I. BACKGROUND A. Factual Background Tamara Motley operated Action Medical Equipment and Supply, Inc. (Action) and Kaja Medical Equipment & Supply, Inc. (Kaja), two durable medical equipment (DME) companies enrolled as Medicare providers. Action was incorporated in the name of her mother, Beverly Muntz, while Kaja was incorporated in the name of her nephew, Bryant Brown. Neither played an active role in the management of the companies, nor was either implicated in the fraudulent scheme we describe below. Medicare permits DME supply companies, physicians, and other healthcare providers to seek reimbursement for covered services provided to eligible beneficiaries, typically individuals aged 65 or older or those with disabilities. To receive reimbursement, a DME supplier must enroll in Medicare and certify that it will comply with all rules and regulations, including not submitting false or fraudulent claims. Once enrolled, Electronic Data Interchange (EDI) and Electronic Funds Transfer (EFT) agreements allow suppliers to submit claims electronically and to receive payment directly to their business bank account.

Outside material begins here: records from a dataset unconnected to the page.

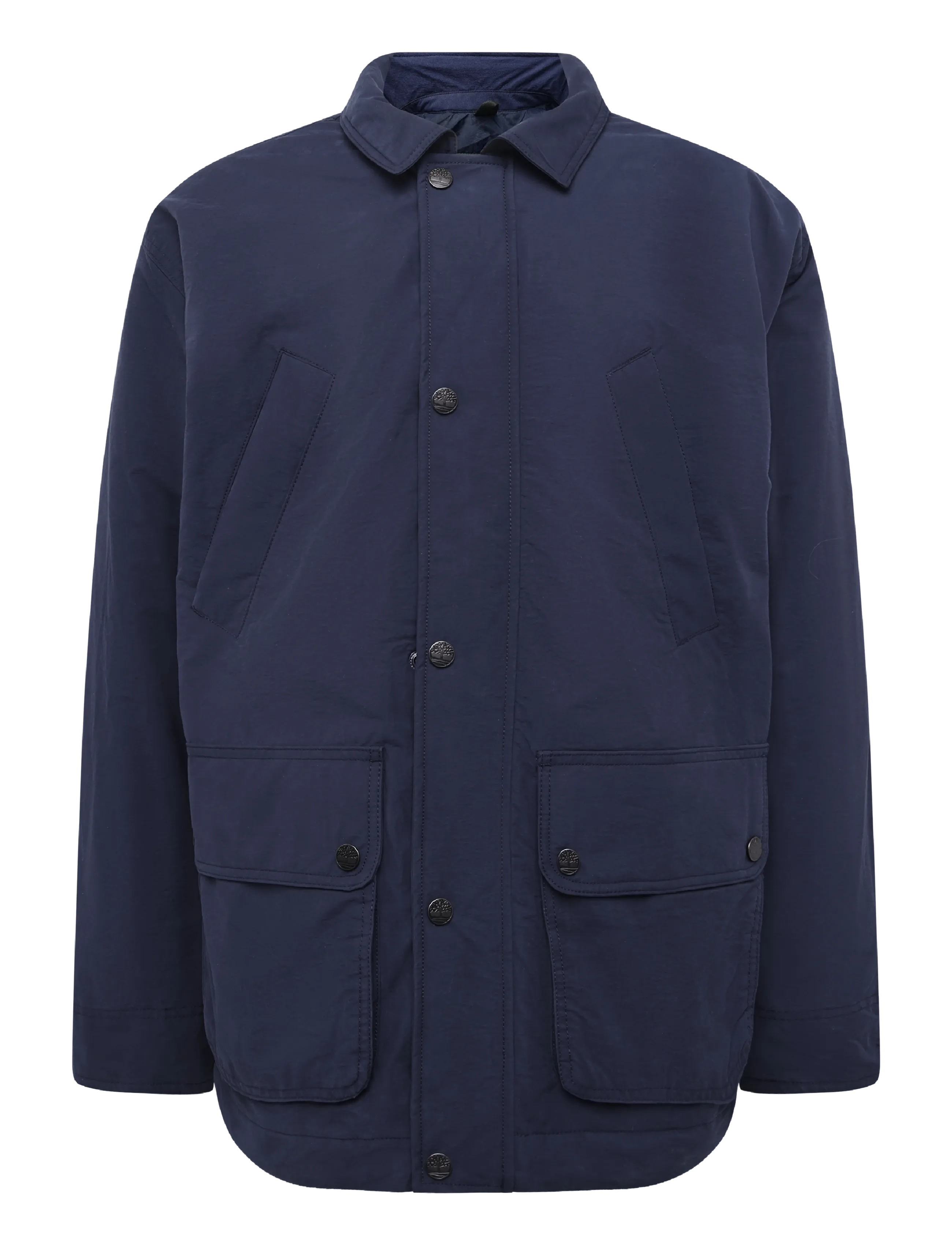 Timberland Insulated Field Coat Jacket - Sulejoped - NAVAL ACADEMY / navy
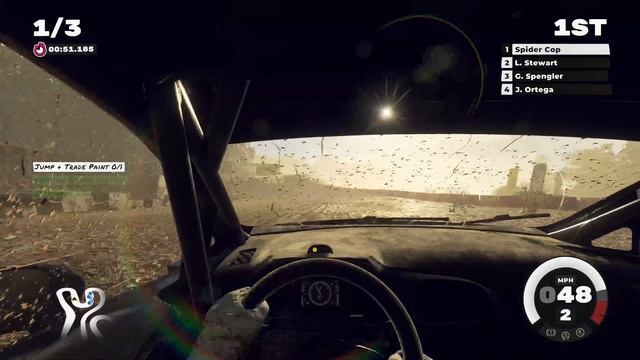 Dirt 5 Gameplay
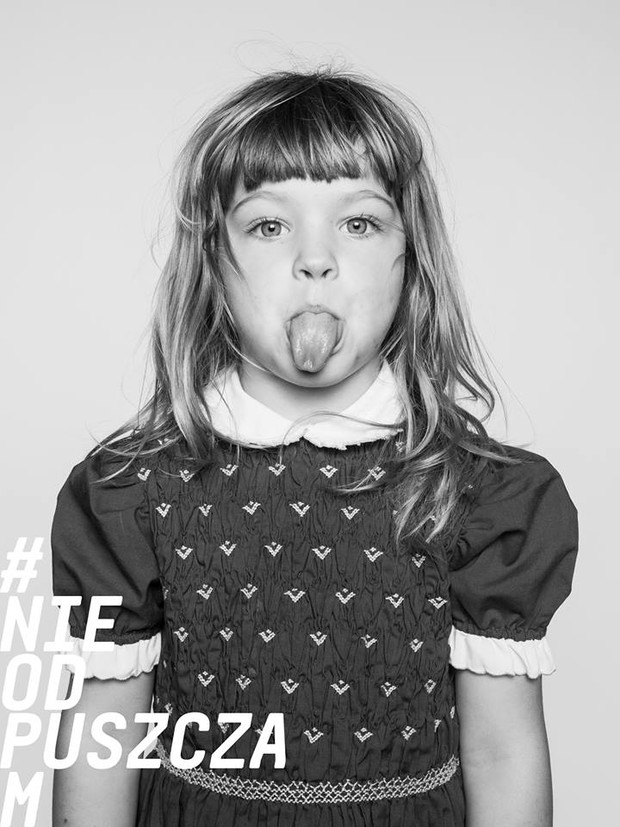 Akcja w obronie Puszczy Białowieskiej #NieOdpuszczam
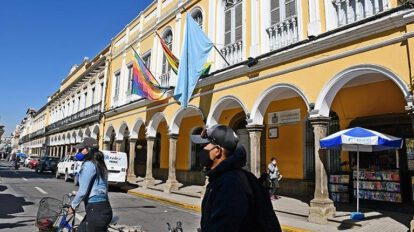 Cuarentena rígida en Cochabamba por el incremento de casos de Covid-19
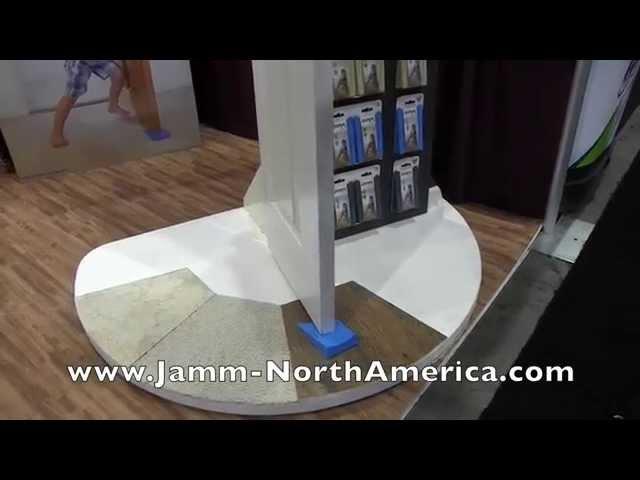 JAMM Doorstop System: By John Young of the Weekend Handyman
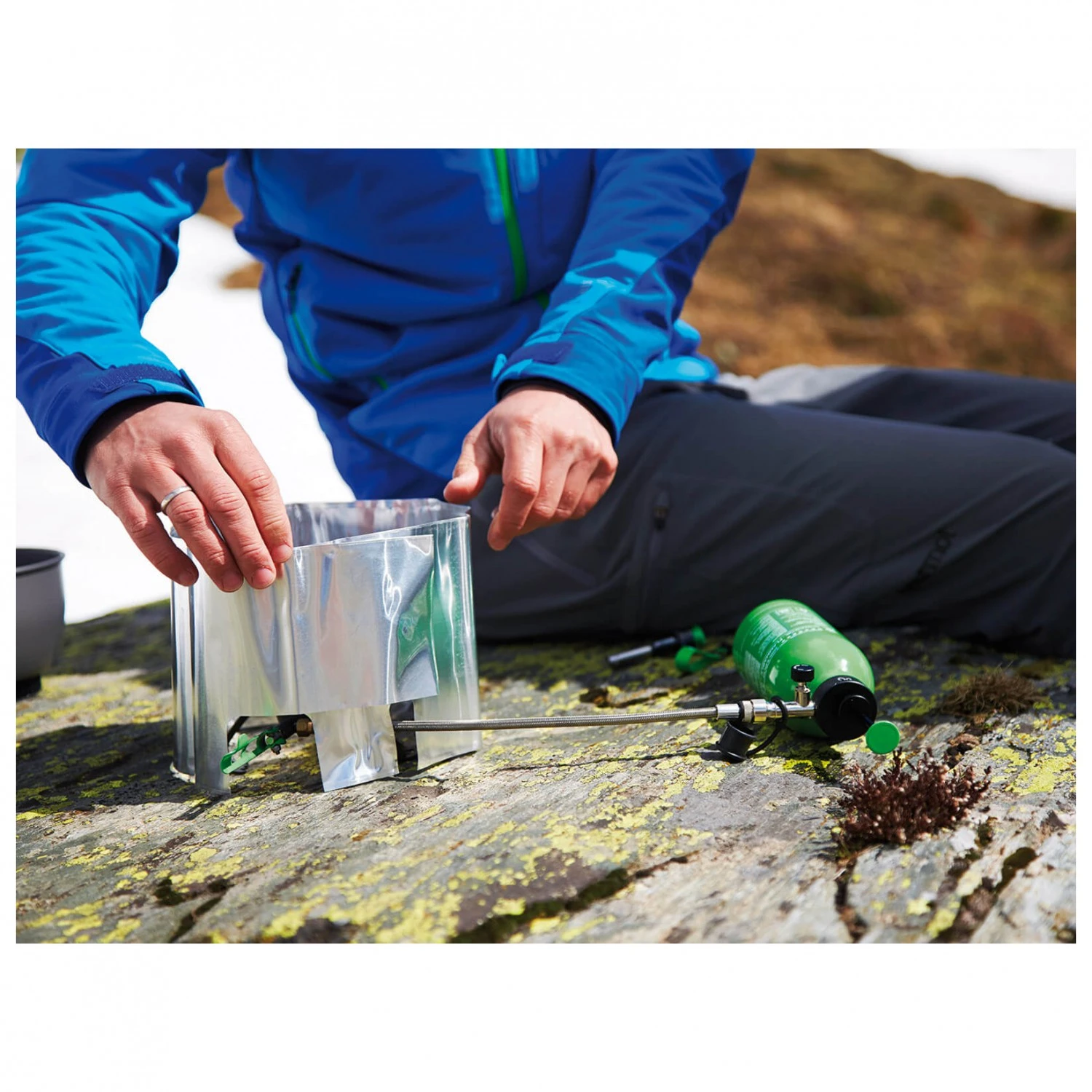 Optimus - Windshield For Nova & Nova+ - Windshield 4 Optimus - Windshield For Nova & Nova+ - Windshield - Image 2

Electronic claims include, among other things, the beneficiary’s name and identifier, the billed item or service, the date of service, and the supplier’s identifying numbers. With the help of co-defendants Cynthia Marquez, the office manager, and Juan Murillo, a repair technician, Motley orchestrated a scheme to exploit the reimbursement system. The gist of the scheme was simple: Use patient information to submit claims for DME and related services for patients who did not need those items and services and often did not even receive them. 6 USA V. MOTLEY

The scheme worked as follows. Motley recruited and paid illegal kickbacks to marketers who brought in patients. Using lists of eligible Medicare beneficiaries, marketers solicited patients, referred them to Action and Kaja, and collected their patient information. Many of these beneficiaries were elderly or non-English speakers. The marketers transported beneficiaries not to their regular physicians, but to complicit physicians who, after cursory examinations, would write prescriptions for medically unnecessary DME, including power wheelchairs and orthotics. At times, the physicians prescribed DME without even examining the beneficiaries; at other times, they simply wrote and signed blank prescriptions to be filled in later by Motley and others. The schemers would then deliver the medically unnecessary DME, whose value was often falsely inflated on delivery tickets and claims, to beneficiaries’ homes, where it would collect dust. If no DME was delivered, delivery tickets were created out of whole cloth. Motley and others, acting at her direction, would pick up these prescriptions from the physicians or marketers and, along with fake delivery tickets they generated, create documentation supporting the medical necessity and billing of the DME.